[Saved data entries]
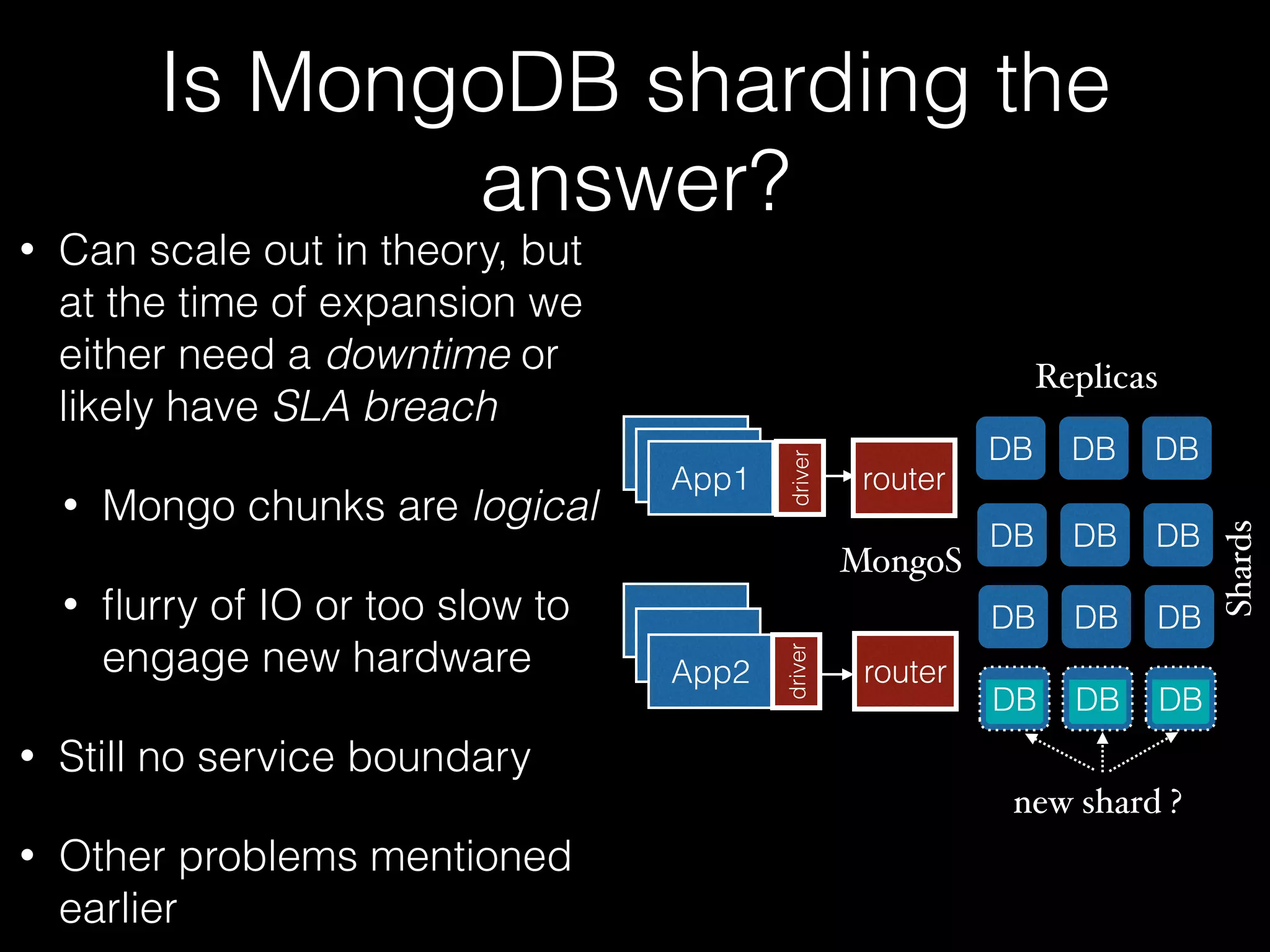 Is MongoDB sharding the 
answer? 
• Can scale out in theory, but 
at the time of expansion we 
either need a downtime or 
likely have SLA breach 
• Mongo chunks are logical 
• flurry of IO or too slow to 
engage new hardware 
• Still no service boundary 
• Other problems mentioned 
earlier 
AApppp11 App1 
App1 
App1 
App2 
driver 
Replicas 
DB DB DB 
DB DB DB 
DB DB DB 
DB DB DB 
Shards 
router 
router 
driver 
new shard ? 
MongoS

* Task requirements: Please write out every entry exactly, but skip the pictures.

* Answer for this exercise:
 Is MongoDB sharding the 
answer? 
• Can scale out in theory, but 
at the time of expansion we 
either need a downtime or 
likely have SLA breach 
• Mongo chunks are logical 
• flurry of IO or too slow to 
engage new hardware 
• Still no service boundary 
• Other problems mentioned 
earlier 
AApppp11 App1 
App1 
App1 
App2 
driver 
Replicas 
DB DB DB 
DB DB DB 
DB DB DB 
DB DB DB 
Shards 
router 
router 
driver 
new shard ? 
MongoS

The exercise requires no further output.